Exercise directions: Your output should be everything below from the line containing "Gothic Skull Gradient" down to the line containing "American Eagle Blue/White‎", both ends included, copied exactly, with pictures left out.

Supplied data:
▽
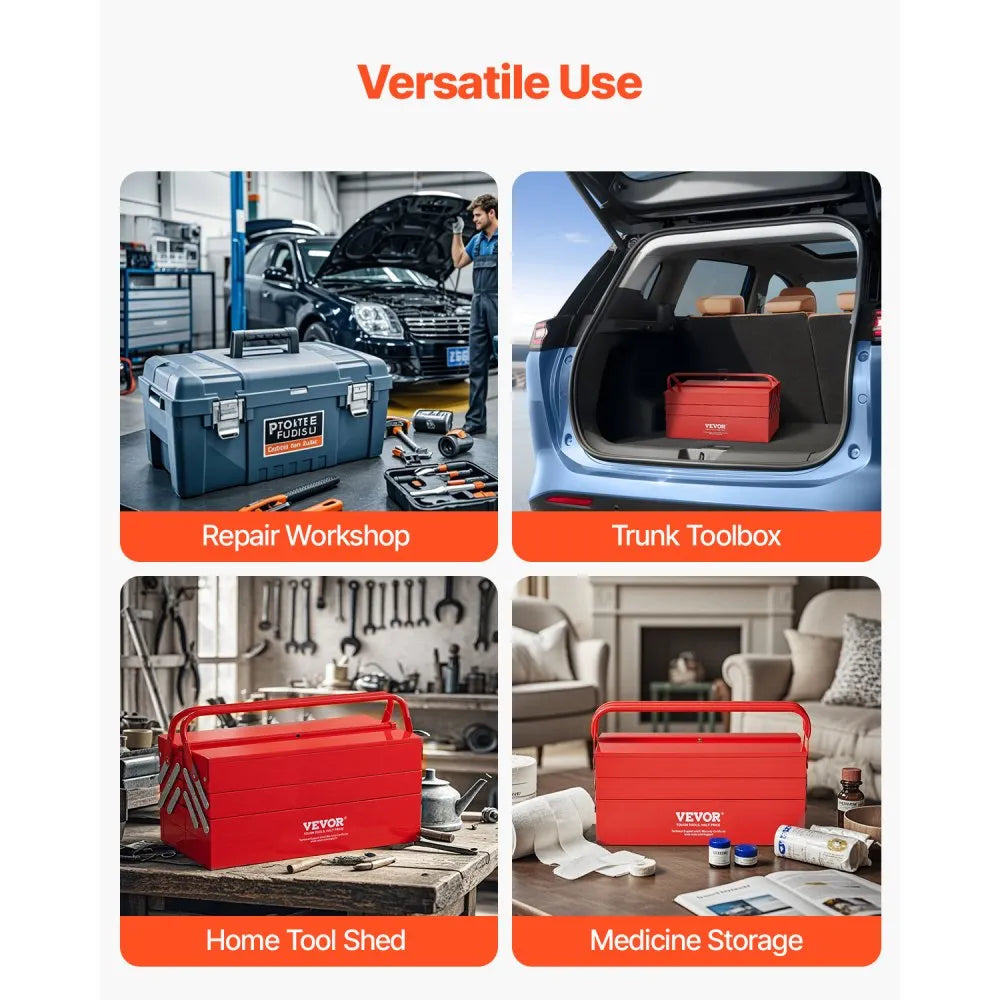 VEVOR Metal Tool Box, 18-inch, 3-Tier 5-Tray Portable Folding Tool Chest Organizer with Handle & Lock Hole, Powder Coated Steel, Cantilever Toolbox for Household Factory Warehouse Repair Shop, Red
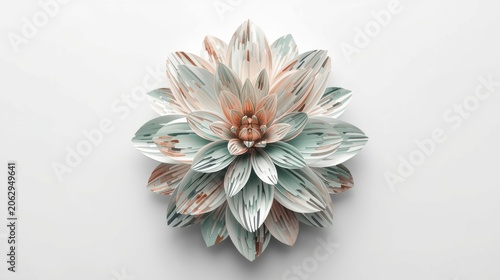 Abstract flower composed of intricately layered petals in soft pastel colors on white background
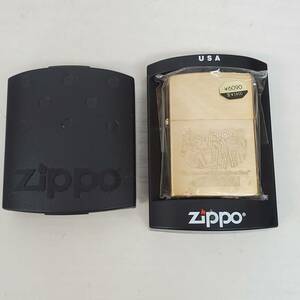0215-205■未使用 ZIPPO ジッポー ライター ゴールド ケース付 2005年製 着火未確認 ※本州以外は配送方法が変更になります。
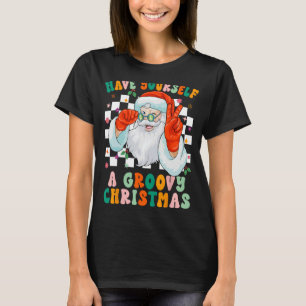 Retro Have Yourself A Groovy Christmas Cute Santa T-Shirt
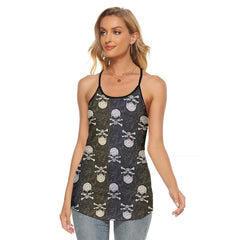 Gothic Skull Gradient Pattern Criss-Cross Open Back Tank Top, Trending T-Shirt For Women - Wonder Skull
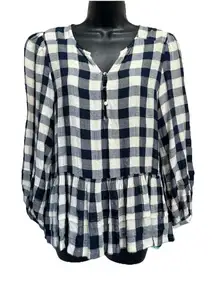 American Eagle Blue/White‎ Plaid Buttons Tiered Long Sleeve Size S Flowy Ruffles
△
▽
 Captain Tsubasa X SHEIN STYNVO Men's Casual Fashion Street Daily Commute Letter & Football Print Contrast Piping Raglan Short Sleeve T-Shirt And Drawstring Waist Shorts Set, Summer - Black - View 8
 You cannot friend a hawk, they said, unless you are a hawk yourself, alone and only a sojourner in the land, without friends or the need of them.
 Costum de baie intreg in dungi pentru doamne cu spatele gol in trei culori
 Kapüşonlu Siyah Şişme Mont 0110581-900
△
Answer to the exercise:
 Gothic Skull Gradient Pattern Criss-Cross Open Back Tank Top, Trending T-Shirt For Women - Wonder Skull
 American Eagle Blue/White‎ Plaid Buttons Tiered Long Sleeve Size S Flowy Ruffles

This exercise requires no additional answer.